We journeyed along the coast then, heading north on the opposite side of the island. While the others stayed at the top of the hill, I walked down to see the mountains and cliffs and the water all converge together. I felt like I was in England, on the rugged coast, wondering how in the world I’d gotten to a place where I could say I’m standing on a cliff in Taiwan, being battered by the warm sea breeze, and having the sun just break through the clouds to reveal the scenery. I stood on the cliff for awhile, waxing philosophical, when the tour bus horn honked noisily and broke my reverie. Sigh. Dang tourists.

Just in case I need to get more lost. 

Finally, we headed back west, through the up and down hill terrain of the island’s interior. One final stop landed us in a small town with a charging station for the scooters, and we pulled up to a local cafe with an interesting play on the name “Starbucks.” I ordered a vanilla latte, iced, and took it back to the bench where the others were sitting. A red and white bridge spanned a river, and people were happily walking back and forth on it, pausing for photographs. Old dogs wandered around our feet, looking for hand outs. After I finished my latte, I got a xigua jia bing (watermelon smoothie, in my crappy Chinese) and let the brain freeze take over.

As we prepared to leave, the sun hid away, and rain suddenly splashed around us.
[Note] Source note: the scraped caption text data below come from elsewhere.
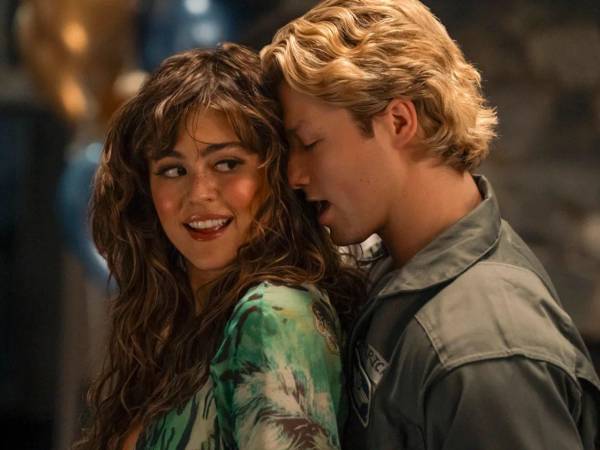 La serie establece a Dean y Allie como la pareja central de la segunda temporada al presentarlos en la primera, donde su romance comienza a desarrollarse lentamente.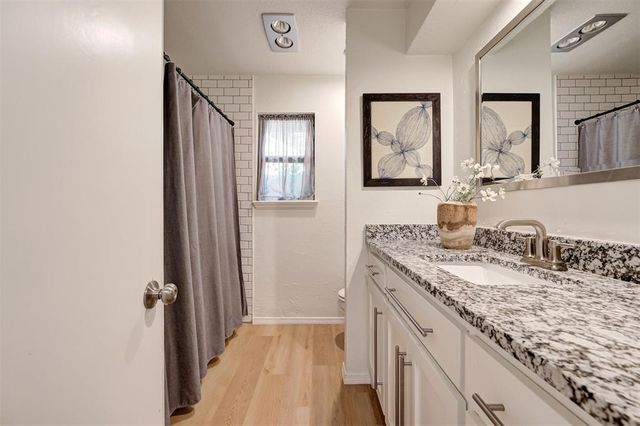 2700 Summer Set Trail, Edmond, OK 73012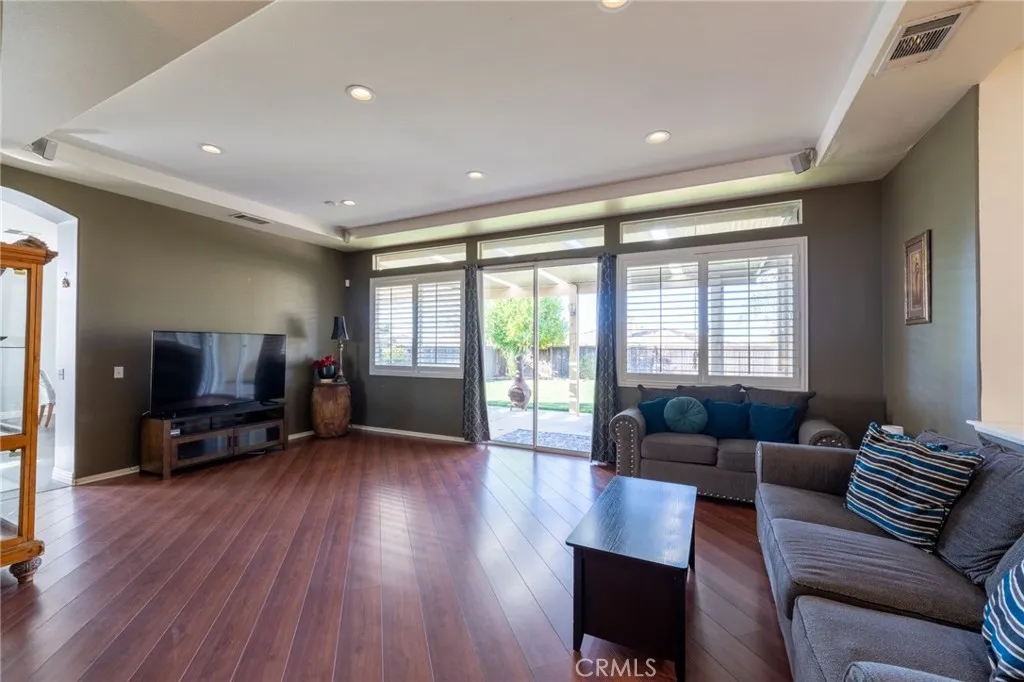 1153 Woodburn, Beaumont, California 92223 home-pic-3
It was hard to drive with crappy knock-off Gucci sunglasses that didn’t shield from raindrops. It was a bit chilly to be whipped around in the rain, but thankfully, it didn’t last too too long.

Now we rolled in to Hengshan, a town just north of Kenting with an old city wall and gate that was still in tact. We paused for a bit to take pictures, and as we rested, a few Taiwanese kids started to sing and dance to Beyonce’s “Single Ladies.” I remember them having props, too. I was able to die laughing, and they loved performing for the foreigners. It was a pretty great send-off to the day.

Reflections of a good day

Night fell as we pulled into Kenting. It took me twenty minutes of searching up and down the main street to find the scooter rental places because the night market had started up again, blocking all of the buildings and making everything look so different from the morning.

Just before the storm hits…

However, we did manage some beautiful beach shots that day, and then we hit up the night market once more as it was our final evening in Kenting. I couldn’t leave without trying out everything at least once, including the spicy prawn balls, octopus balls, fried milk, and some kind of spicy tofu mixture with green beans. In addition to the markets, there were old-fashioned street games set up for people to play, and musicians entertained folks in the square.